Yes, uploading banners shouldn't be a problem. Once we iron out most of the more troublesome bugs, we'll start to really look at new features. Functionality is a higher priority.


----------



## mutley (Nov 8, 2005)

I like it.


----------



## Dragoneer (Nov 8, 2005)

mutley said:
			
		

> I like it.


Holy damn, that is just... BEAUTIFUL! =D

Mutley, I love you.


----------



## Delian (Nov 8, 2005)

*And now, the truth.*

Well, since everyone likes opinions I'll give you mine.

This mascot is bad. Annoyingly bad. Well, at least I don't like the current design. Sure the artist is great, but this? a mascot? ..    

First of all, he looks far too old. Mascot isn't supposed to be some middle-aged fur who jumps around happily. To me, it just doesn't fit together and I get chills sent down my spine every time hehe.

Second, he's too muscled and detailed. Like some kind of a hulk lol. Mascot should be easy to draw, with little to no anatomy specifications. What you have here is too complex for average artist's liking since drawing him woulde be like, a whole comission. Too style specific.

And also a few other things. I don't like the nails. They make him look like a monkey, that is.. too human. And the way hands and feet are drawn is too monkey-like too. =P Well, at least the feet. The hands are kinda big to start with. In my opinion, it looks like gay furry artist's artwork, judging by the muscle work and the oh-so-sexy chest. Yes, I'm not a gay, but you should still listen to me when I say that having a gay mascot is not to average furry's liking.

In any case, if you wanna make a ferret, make him look smaller, and cuddly, with a few certain characteristics. And if possible of neutral gender. And everyone will be happy, unlike now, where every other opinion is negative.

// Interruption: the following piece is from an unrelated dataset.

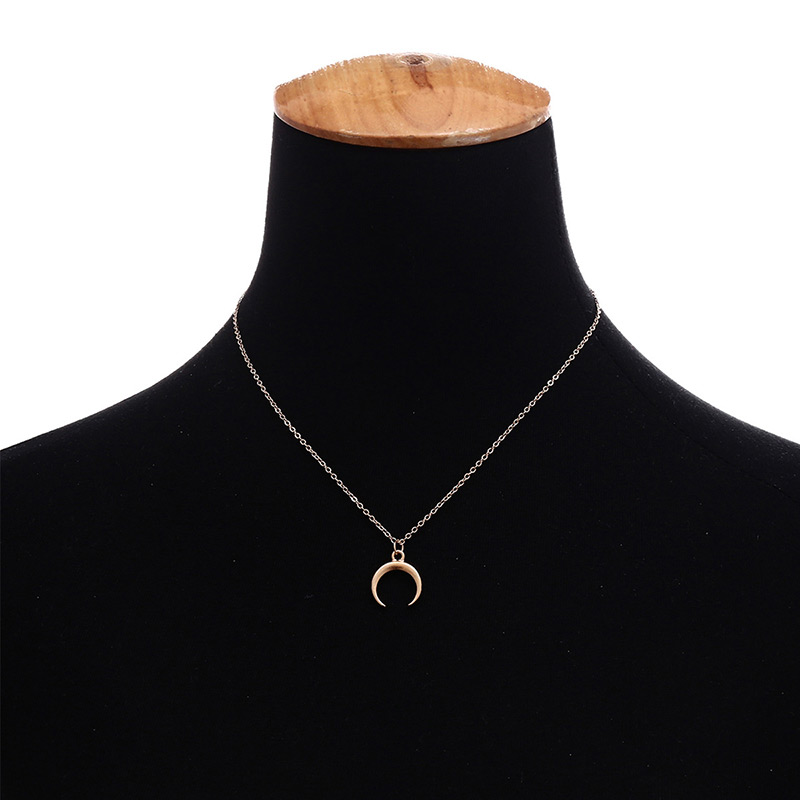 Fashion Gold Color Moon Shape Decorated Necklace,Pendants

The artist is good, but putting Fender as a mascot would be too one-sided move, like the last one.

If you check SA you will see what I mean. I don't like them, but at least their mascot is cute.  :?

*now wonders if anyone else agrees with him*


----------



## Dragoneer (Nov 8, 2005)

*Re: And now, the truth.*



			
				Delian said:
			
		

> Well, since everyone likes opinions I'll give you mine...

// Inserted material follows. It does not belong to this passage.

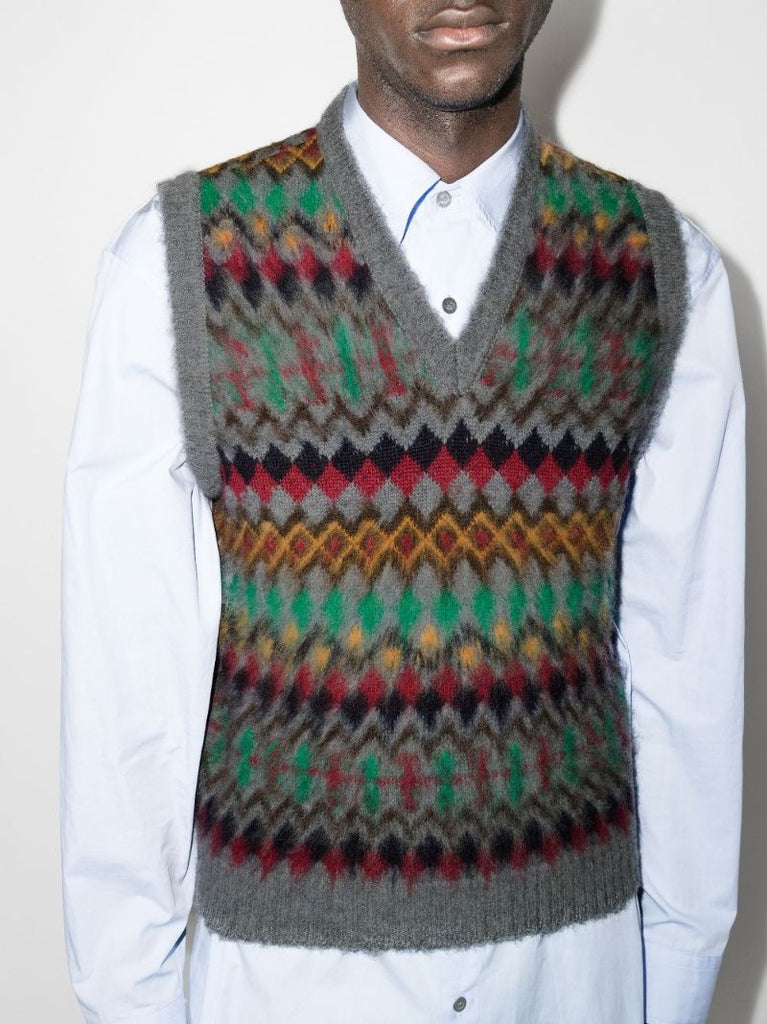 Intarsia Knit Wool Sweater Vest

K9's rendition is a more realistic version of the mascot. In chibi-style, I assure you... he'd be as a button. This is just one art form the mascot was drawn in. Cartoony, his design is simple and easy to draw.

One art style does not make a character good bad. It just means that the character may or may not translate well into different art styles. Ferret/fox was chosen BECAUSE it's easy to draw.

You'll see alternating versions of the mascot soon. Mutley's version is far, far different than K9's, which conveys more of a simplistic version of him, which lends more to the toony style.


----------



## dave hyena (Nov 8, 2005)

*Re: And now, the truth.*



			
				Preyfar said:
			
		

> Mutley's version is far, far different than K9's, which conveys more of a simplistic version of him, which lends more to the toony style.



The curve of it's tail, body & arm draws the eye along and down, the oval shadow providing a link back over to the feet & tail and the eye starts round again. 

It's compact and contained and the simple colours prevent it from bothering the viewer.

The preternaturally long torso looks more acceptable drawn in that style, because it's not asking the brain to accept it as an attempt at any form of realism, and of course the fact that it's not just standing there flexing it's Adonis like muscles is a bonus too. 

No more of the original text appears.